The final two installments involved making new bushings from scratch and rebuilding and
installing the axle.   I don't have any decent pictures of making the bushings, which is just as
well.  I don't wish to relive that hassle.  It took me many hours to find the right size tubing
and then find bushings that I could work with.   I then had to bore out the only bushings I
could find that would fit the A-arm mounts so that they would slip over the new tubes.   After
many hours and good amount of grease later, the new bushings seemed to initially solve the
noise problem.   However, the creaking and squeaking have since come back, although to a
much less degree than before.  It appears it's something I going to have to live with short of
having new bushings made by a professional at great cost.   I really wish WCOR would have
taken better care to design this part of the kit better.  Since they are now gone, I can only
hope that the current makers of similiar kits have done this part of their kit properly.

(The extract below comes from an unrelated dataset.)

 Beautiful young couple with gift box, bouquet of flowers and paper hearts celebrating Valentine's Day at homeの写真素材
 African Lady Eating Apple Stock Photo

The axles were a much better story.   Although I did have to unexpectedly replace both
inner Lubro CV joints, I was able to order two new units thanks to the super help of Scott at
Rockstomper and the install of these parts and the axles went rather smoothly.
The Sommers Brother's axle.  It's made out of
chrome moly and much stronger than the factory axle
as well as being longer to fit the new A-arms.  The
inner splines are cut to fit a standard Lubro CV joint,
such as from a Porsche or BMW car.   The picture
shows the inner splines prepped for the new Lubro
joint.  I had replaced the stock outer Toyota CV joint
boots, but elected to retain the joints which appeared
to be in decent shape.
This is the Lubro joint as would have been installed
on a Porsche 930, or BMW 8 series.  The joint is far
stronger than the stock Toyota inner joint.  It can
withstand far greater torque and extreme axle angles.  

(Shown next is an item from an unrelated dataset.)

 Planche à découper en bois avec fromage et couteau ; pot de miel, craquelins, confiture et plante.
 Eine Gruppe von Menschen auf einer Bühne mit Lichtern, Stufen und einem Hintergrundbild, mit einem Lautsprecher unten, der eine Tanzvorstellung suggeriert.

The inner splines allow the shaft to slip in and out as
axle moves up and down.  In this pictures, the joint is
bolted to the special adapter required to bolt the CV
joint to the IFS diff axle flange.
To the left is shown an assembled Lubro joint and
axle flange adapter.  To the right are the two parts
Packing fresh grease into the new Lubro CV joint.

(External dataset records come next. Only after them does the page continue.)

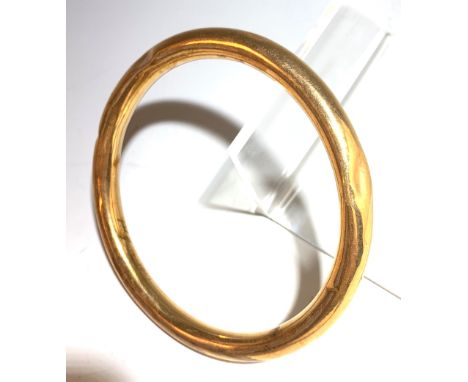 A 9ct gold bangle, 18gm.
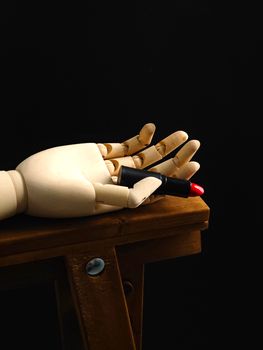 A wooden mannequin hand holding a vibrant red lipstick, placed on a rustic wooden stool against a dark background.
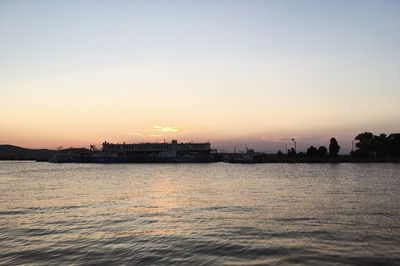 Scenic view of sea against clear sky during sunset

This picture shows the backside of the Lubro CV joint
as it's installed on the axle shaft.  Note how the axle
can slide in and out of the joint.  This helps to allow
the extreme angle this axle is capable of.
A completed axle.  Now ready to bolt into the truck.  The axle
shaft is unlikely to break as is the inner Lubro CV joint.  The
weak point now becomes the outer Toyota CV joint.   However,
the outer Toyota CV joint, unlike the stock inner Toyota CV
joint was designed to withstand extreme angles.  Remember it
has to allow the wheels to turn at relatively great angles as well
as allow for the upper and down movement.  It's interesting to
note that the outer IFS CV joints are not only the same birfield
type found on the Toyota solid axle, but are actually larger and
stronger.  Contrary to popular belief, at least in theory, the
Toyota IFS may actually experience less birfield breakage on the
trail than the solid axle trucks.  

This is the final product, with everything
installed.  For more pictures of the truck and
suspension in action, visit WCOR pictures
page 3
page 4.
U  P  D  A  T  E
This system failed me early in the summer 2002.  The driver's side A-arm snapped in two
while I was off roading in a relatively remote area.  I was just barely able to limp back to a
highway, where the truck was towed to the nearest location, my parent's house.   The cause of
the failure was determined to be poor design at the high stress point near the torsion bar
mount.  The arms did last 3 years of hard off road abuse, but this failure would not have
happened on well designed A-arms.   Fortunately, better designs are available today.

Instead of attempting to repair the WCOR kit or installing the stock IFS, I chose to do a
completely solid axle swap.   For more info, click

I haven't completely discounted the IFS system.   This kit worked extremely well, the short
time I had it.   For high speed 4 wheeling, desert racing or sand dune running, I still
recommend A-arm kits that are similiar to this one.